How-To: Secure CSV Processing

Problem

You need to process user-uploaded CSV files in a web application without exposing your system to Denial of Service (DoS) attacks or other security threats.

Solution Overview

This guide shows you how to implement secure CSV processing using multiple defense layers:

Resource limits - Prevent resource exhaustion (Worker pool, record count, error count)
Early rejection - Reject requests when saturated
Input validation - Verify content type and size
Actual byte counting - Prevent Content-Length bypass attacks
Data validation - Validate parsed records with schema
Timeout protection - Prevent long-running operations
Proper error handling - Return appropriate HTTP status codes

Prerequisites

npm install web-csv-toolbox zod hono

Step 1: Set up WorkerPool with Resource Limits

Why: Attackers could upload multiple large CSV files simultaneously to overwhelm your server.

import { Hono } from 'hono';
import { stream } from 'hono/streaming';
import { z } from 'zod';
import { ReusableWorkerPool, EnginePresets, parseStringStream } from 'web-csv-toolbox';

const app = new Hono();

// ✅ CRITICAL: Limit concurrent workers
const pool = new ReusableWorkerPool({ maxWorkers: 4 });

// Clean up on shutdown
app.onShutdown(() => {
  pool.terminate();
});

Guidelines:

Web applications: Use maxWorkers: 2-4
Server applications: Use Math.min(4, os.cpus().length)

Step 2: Implement Early Request Rejection

Why: Rejecting requests early when the pool is saturated prevents cascading failures.

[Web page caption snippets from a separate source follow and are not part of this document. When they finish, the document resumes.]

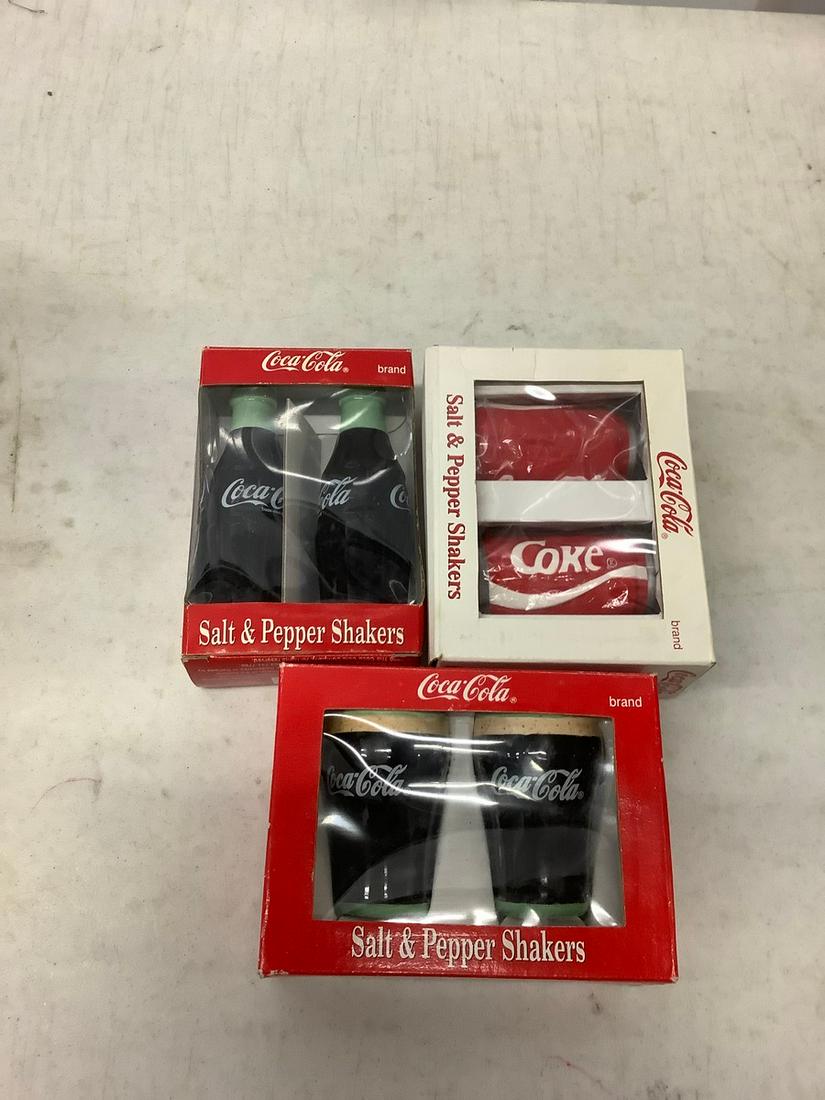 lot of coca cola salt n pepper shakers (1 of 1)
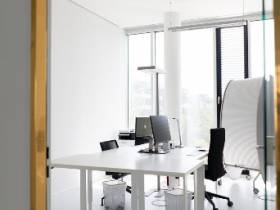 Modernes Büro in Bürogemeinschaft in Unterföhring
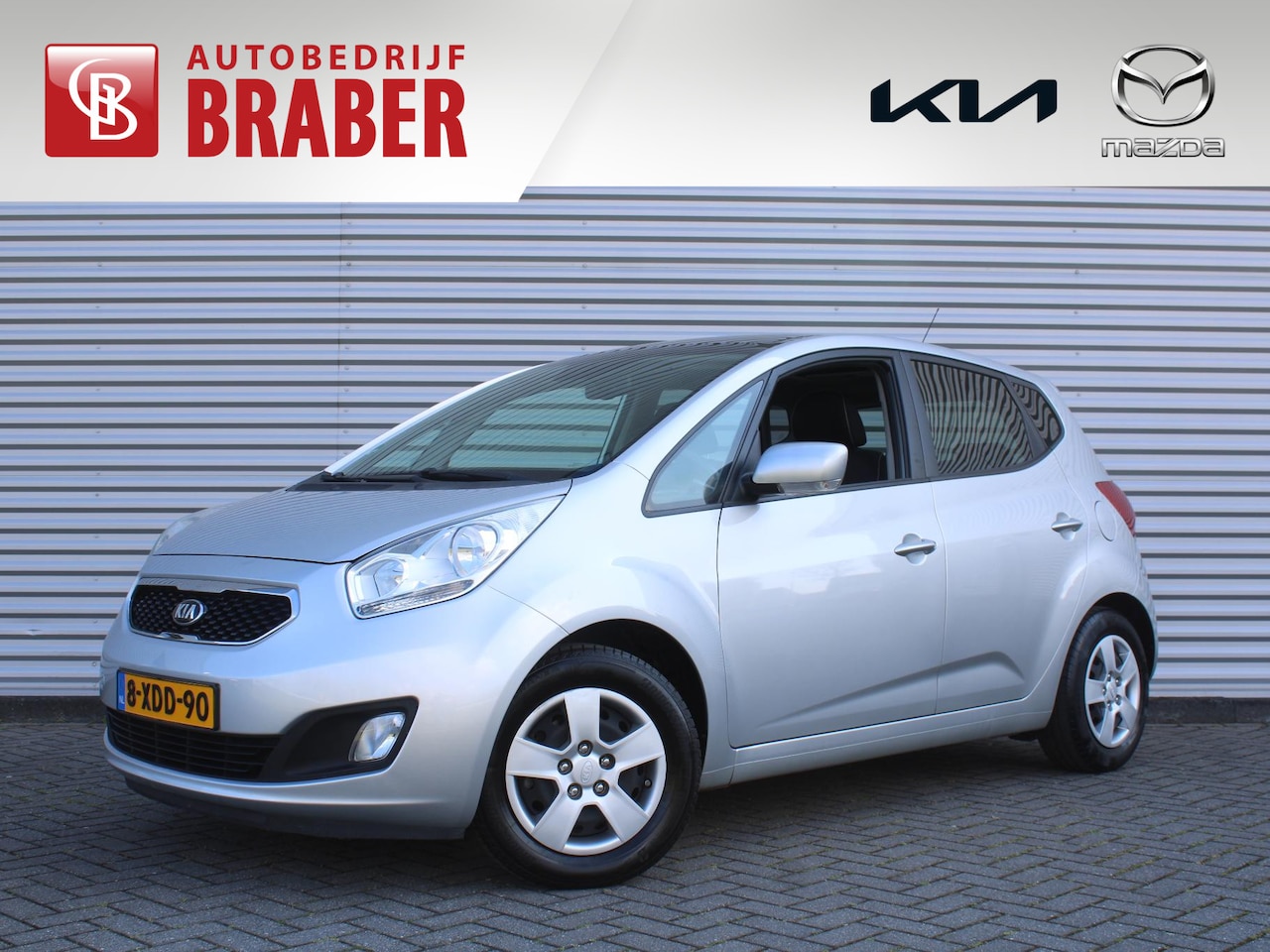 Kia Venga - 1.4 CVVT World Cup Edition | Trekhaak | Camera | Panoramadak | Navi | Clima | Cruise | - AutoWereld.nl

const recordSchema = z.object({
  name: z.string().min(1).max(100),
  email: z.string().email(),
  age: z.coerce.number().int().min(0).max(150),
});

app.post('/validate-csv', async (c) => {
  // 1. Early rejection if pool is saturated
  if (pool.isFull()) {
    console.warn('WorkerPool saturated - rejecting request');
    return c.json(
      { error: 'Service temporarily unavailable. Please try again later.' },
      503
    );
  }

  // 2. Verify Content-Type
  const contentType = c.req.header('Content-Type');
  if (!contentType?.startsWith('text/csv')) {
    return c.json({ error: 'Content-Type must be text/csv' }, 400);
  }

  // 3. Get request body as stream
  const csvStream = c.req.raw.body?.pipeThrough(new TextDecoderStream());

  if (!csvStream) {
    return c.json({ error: 'Request body is required' }, 400);
  }

  // 4. Process with streaming validation (see next step)
  // ...
});

Benefits:

✅ Immediate feedback to clients (503 instead of timeout)
✅ Prevents resource exhaustion
✅ Better UX - clients can implement retry logic
✅ Protects backend services

Step 3: Stream Validation with Server-Sent Events

Why: Streaming validation prevents memory exhaustion and provides real-time feedback.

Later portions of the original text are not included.